Queens High School for Teaching: Where Learning Has No Limits
At Queens High School of Teaching, Liberal Arts and the Sciences, every child has the chance to grow and develop to their fullest potential because no child has to struggle to simply belong. Queens is an amazing school where seniors help a wheel-chair bound classmate to mount and ride a horse; where a student with special needs is selected prom queen; and where one female classmate invites a male classmate with challenges to the prom because she doesn’t want him to be left out. Forty years after the passage of the Individuals with Disabilities Education Act (IDEA), the law’s spirit, not just its letter, is alive and thriving at this extraordinary school. “Inclusion is the cornerstone of our school culture,” says principal Jae Cho. “Our philosophy of respect and acceptance for all students is a non-negotiable one that impacts every aspect of our school’s life.”
First opened in 2003, in partnership with the Institute for Student Achievement, Queens has a student body of 1,200 students, 21% percent of whom have special needs. “Our students’ disabilities run the gamut,” explains Cho. “They are not screened for admission; this is an opportunity high school, and we take all levels of students from the highest performing to the lowest performing. The only consideration for not accepting a special needs student would be the student’s safety.” Queens also supports about 30 students from District 75, which serves some of the New York City Department of Education’s most severely challenged students. “It is important for our special needs students and our general education students to be fully integrated,” Cho states. “All of our sports, arts, and after school activities are full inclusion.”
The high school is organized in small learning communities of 400 students each in grades nine through twelve. These three communities operate as semi-autonomous small high schools with their own leadership team and professional staff. Within each community, students are grouped into cohorts by grade level, and teachers are assigned to their specific cohort of students. This structure promotes strong teacher-student, teacher-teacher and student-student relationships. “It is these relationships that make it possible for us to personalize the school experience for every student’s academic, social, and emotional growth,” says Cho.
A valued member of every grade-level teacher team is the special education teacher who is an integrated co-teacher for students with an individual education plan (IEP). The cohort teacher teams, including the special education teacher, work and plan together at least three times per week;and the special education teachers from all of the cohorts come together six times per year for professional learning and improvement. The teachers design effective co-teaching strategies, ensure that they all have shared expectations of special needs students, and decide which skills and knowledge will be the priority for students who are also served by the special education teacher in the Resource classroom. “If the student’s IEP calls for additional support outside of the general education classroom,” Cho explains, “the special education teacher is also the resource teacher for that cohort and can easily connect and reinforce the general education classroom instruction.” The cohort teacher team meetings also guarantee that the special education teacher is up-to-date about the current focus of the general education curriculum and her students’ understanding of it so that she can support their learning in the inclusive classroom setting. If the curriculum is challenging for some special needs students, the special education teacher uses strategies such as pre-teaching and tailoring lesson plans to differentiate instruction so that each student will continuously learn and grow. It is apparent that the collegial professional learning at Queens flows both ways. Many of the general education students who may struggle with mastering certain concepts or skills benefit from the strategies that special needs teachers share with their general education colleagues. “You cannot create and sustain this kind of inclusive culture and truly live it every day without exemplary, committed staff members,” Cho stresses.

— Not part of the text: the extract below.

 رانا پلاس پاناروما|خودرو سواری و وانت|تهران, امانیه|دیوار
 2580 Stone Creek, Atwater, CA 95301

The cohort model fosters understanding and friendships among students as well as collegial relationships among staff. The culture at Queens encourages genuine acceptance of differences, not just tolerance of them. If some general education students enter ninth grade unsure or hesitant about how to interact with classmates with special needs, they have shed their hesitancy by 12th grade and no longer see classmates as having or not having special challenges. They see them as individuals and as friends.
Parents are also a key component of the school and its culture. Queens makes sure that parents understand its mission from the very beginning. All materials and initial conversations with parents are transparent and clearly emphasize that the school is fully inclusive. Every class and every activity include special needs students. “Most of our parents fully embrace our philosophy,” Cho says. “They want their children to be able to accept, understand, and interact with a diverse population of students and adults, including those with special needs.”
The data bear witness to the success of the school’s philosophy, approach, and structures. Among its many achievements the school can tout a:
- 90.4% graduation rate. (The borough graduation rate average is 71%.)
- 92% college enrollment rate
- 97% teacher attendance rate
- 93% student attendance rate
- 95% parent satisfaction rate
The school also received a “Well Developed”, the highest rating a school can receive, on all the School Quality Reviews.
Maya Angelou’s poem “And Still I’ll Rise” could easily be the mantra for this inspiring high school for: ‘Just like moons and like suns; with the certainty of tides; just like hopes springing high’ every student at Queens has the chance every day, despite their challenges, to rise to their full potential.